Las autonomías, de nuevo

LAS ENTREVISTAS de Carlos Garaikoetxea, presidente del Gobierno vasco, y de Jordi Pujol, presidente de la Generalidad de Cataluña, con Leopoldo Calvo Sotelo, que les ha informado de sus planes para reconducir la estrategia autonómica, han concluido con caras largas, frases reticentes y gestos desanimados de los visitantes de la Moncloa. Aunque esos síntomas no suministran todavía base para un diagnóstico concluyente, no deja de producir inquietud el pesimismo mostrado por los representantes de las únicas instituciones de autogobierno que, hoy por hoy, funcionan en España al amparo de la Constitución y de unos Estatutos aprobados por las Cortes y refrendados en las urnas.Si se nos permite una observación primera sobre el nuevo proceso de concertación abierto por las fuerzas políticas mayoritarias en torno al Estado de las autonomías, digamos que nos parece buena la intención, pero que la intención sola no basta. Hay sin duda algo que no funciona en la construcción del actual Estado democrático en sus aspectos autonómicos. Y ese algo parece estar marcado por un incomprensible afán de desconocimiento político de la realidad española y del problema autonómico en su concreción. Por eso, la llamada a los técnicos en Derecho público para que colaboren en las tareas de la resolución del caso nos parece también inserta en el mundo etéreo de las intenciones. Los expertos podrán resolver las pegas técnicas y los perfiles jurídicos del modelo de Estado que se quiera construir, pero no pueden -ni de seguro quieren- suplantar la voluntad política necesaria en la opción de ese modelo. En una palabra, los expertos no van a resolver nada que no quiera ser resuelto de antemano mediante una definición valerosa y clara de la clase política.
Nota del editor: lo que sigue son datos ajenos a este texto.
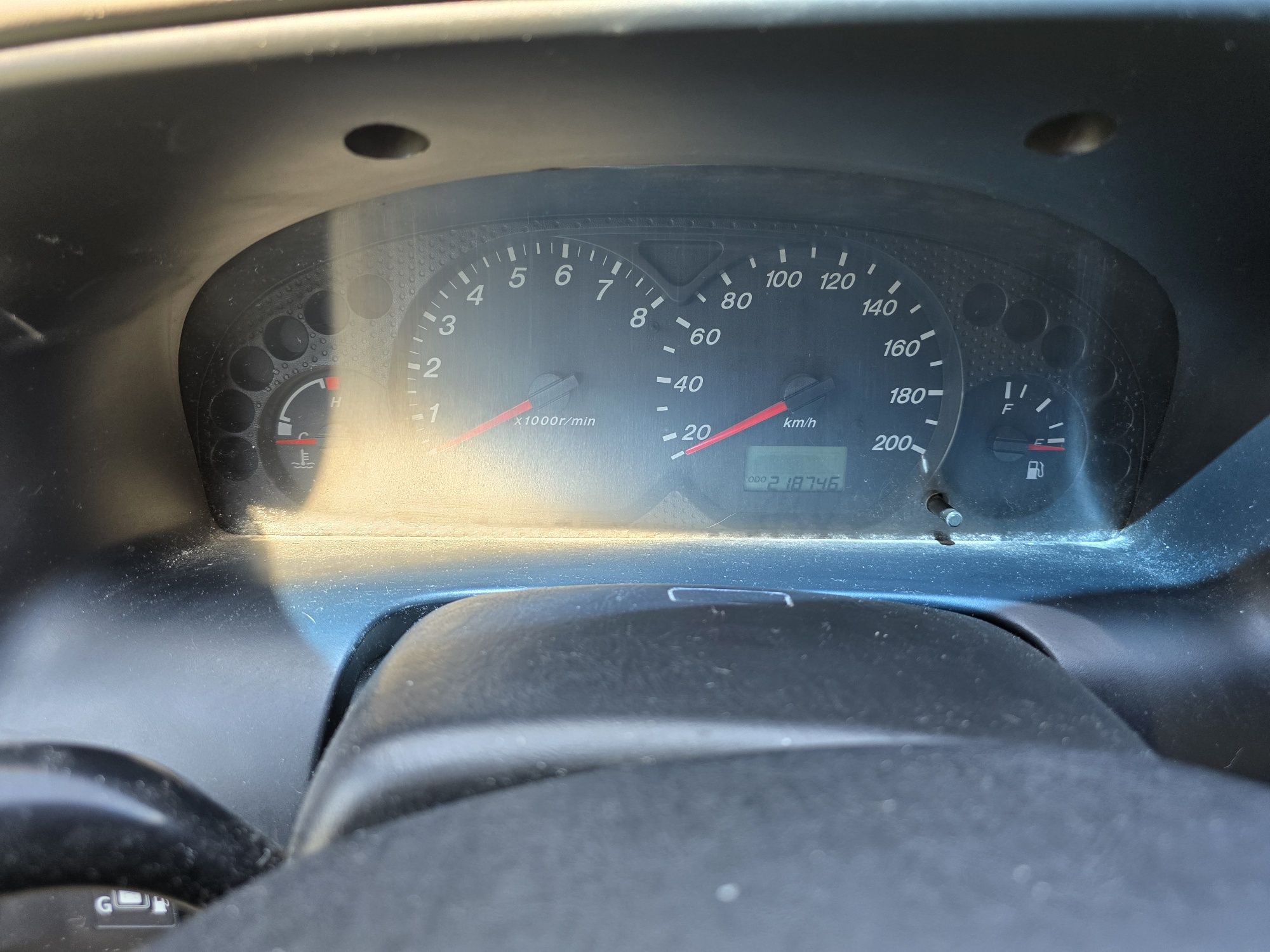 Mazda tribute 2.0  124 cc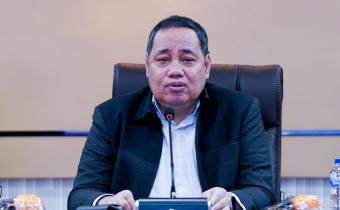 Anggota Bawaslu Herwyn JH Malonda memberikan arahan dalam Rapat Pembahasan Desain Kelembagaan Bawaslu sebagai Masukan RUU Pemilu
A la muerte de Franco, la reivindicación de las instituciones de autogobierno era, en Cataluña y en el País Vasco, un movimiento popular unido al resto de las exigencias democráticas y que se fundamentaba en parte en la devolución de unos estatutos aprobados por las Cortes republicanas. Aunque con orígenes y justificaciones históricas diferentes, que se remontan en el caso de Cataluña al conde-duque de Olivares y a la guerra de sucesión de comienzos del XVIII y en el País Vasco a las guerras carlistas, catalanes y vascos presentaban además como hecho diferencial un idioma propio, la voluntad de desarrollar una cultura a través de esa lengua y la existencia dentro de su cuerpo social de ideologías, sentimientos y poderes independentistas minoritarios, pero influyentes. El régimen de las autonomías había sido ideado, durante la II República, como una fórmula para garantizar la unidad nacional y, al tiempo, crear el ámbito para unas instituciones de autogobierno, delimitadas por un estatuto aprobado por las Cortes que reconociera ese hecho diferencial en sus niveles políticos, administrativos y culturales. Las peculiaridades idiomáticas y culturales, vinculadas a la singularidad del desarrollo histórico, unieron a Galicia con Cataluña y el País Vasco en esa especial categoría.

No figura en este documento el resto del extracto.